Airbus integrates MTAD as Airbus Military to manage all military activities

SEVILLE, Spain, 25 April 2009. EADS's former military transport aircraft division, MTAD, became fully integrated into Airbus. As a new Airbus business unit, Airbus Military will be accountable for all military aviation activities within Airbus.

SEVILLE, Spain, 25 April 2009. EADS's former military transport aircraft division, MTAD, became fully integrated into Airbus. As a new Airbus business unit, Airbus Military will be accountable for all military aviation activities within Airbus.

Based in Spain Airbus Military is in charge of all EADS military transport aircraft, ranging from the small CN-235 and C-295 transport aircraft, to the multi role tanker transport (MRTT) based on the Airbus A330, and the A400M. It also includes further military derivatives of Airbus civil aircraft. Airbus Military will continue to provide support and services to customers and operators.

"I am fully committed to get the A400M back on track again," says Domingo Ureña, head of Airbus Military. "Because of its unique capabilities the aircraft will set standards in military transport in the 21st century and become a success."
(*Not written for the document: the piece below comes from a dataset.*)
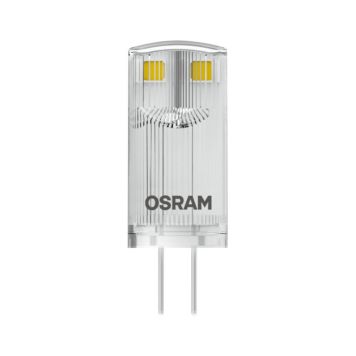 Ljósapera LED G4 2700K Osram 0,9W Ø12mm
"Building civil and military aircraft under one roof supports our Airbus' Vision 2020 to be a top-performing enterprise. The integration strengthens our military business by providing the right capabilities and structures to address the program challenges ahead, particularly those of the A400M," says Airbus president and chief executive officer Tom Enders.

Airbus Military will become an Airbus business unit with profit and loss responsibility and accountability. The scope of its activities ranges from aircraft and specific military systems development and integration, to industrialization, marketing, and sales.

The integration will allow the military programs' organization, and management to be more efficient. Clear and unified command lines will be implemented. The A400M program now falls under the full and sole responsibility of Domingo Ureña, the new head of Airbus Military.

A better allocation of industrial and engineering resources will be one of the benefits of this integration, Airbus officials say. Operational synergies at development and industrial level for both civil and military transport aircraft will be fully explored, while at the same time safeguarding and leveraging Airbus Military's specific capabilities.